- **DATA**:
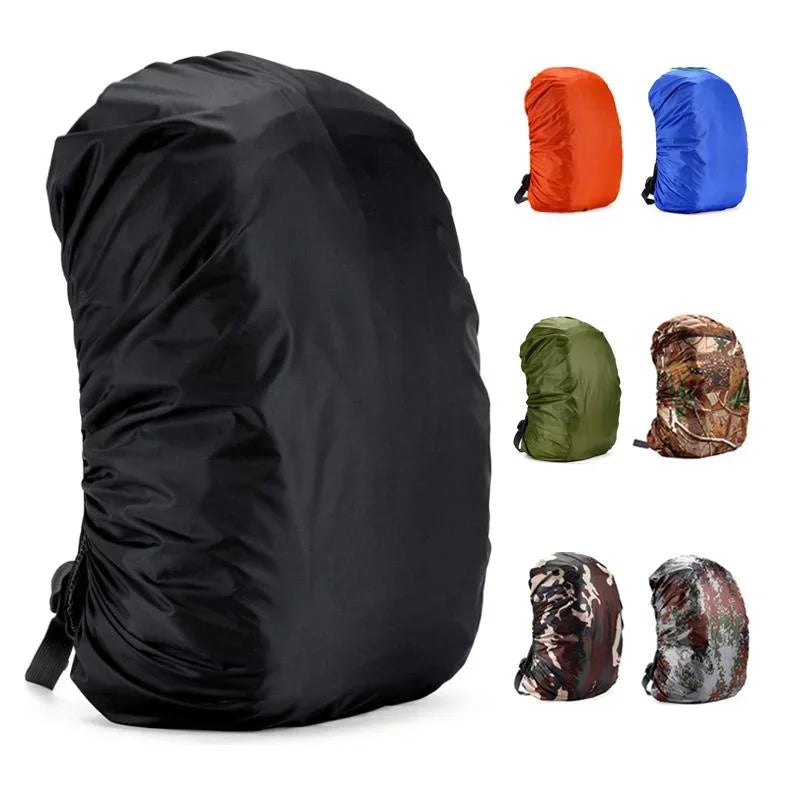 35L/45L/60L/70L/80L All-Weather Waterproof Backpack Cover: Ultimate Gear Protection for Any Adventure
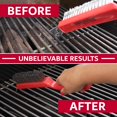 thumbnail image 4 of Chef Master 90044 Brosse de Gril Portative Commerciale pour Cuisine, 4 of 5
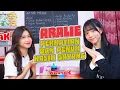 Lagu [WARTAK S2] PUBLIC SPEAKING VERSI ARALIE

- **WORK TO COMPLETE**: Only the lines from the line with "thumbnail image 4" through the closing line of the data, both included, should be set down, exactly as written and without pictures.

- **SOLUTION TO THIS PROBLEM**:
 thumbnail image 4 of Chef Master 90044 Brosse de Gril Portative Commerciale pour Cuisine, 4 of 5
 Lagu [WARTAK S2] PUBLIC SPEAKING VERSI ARALIE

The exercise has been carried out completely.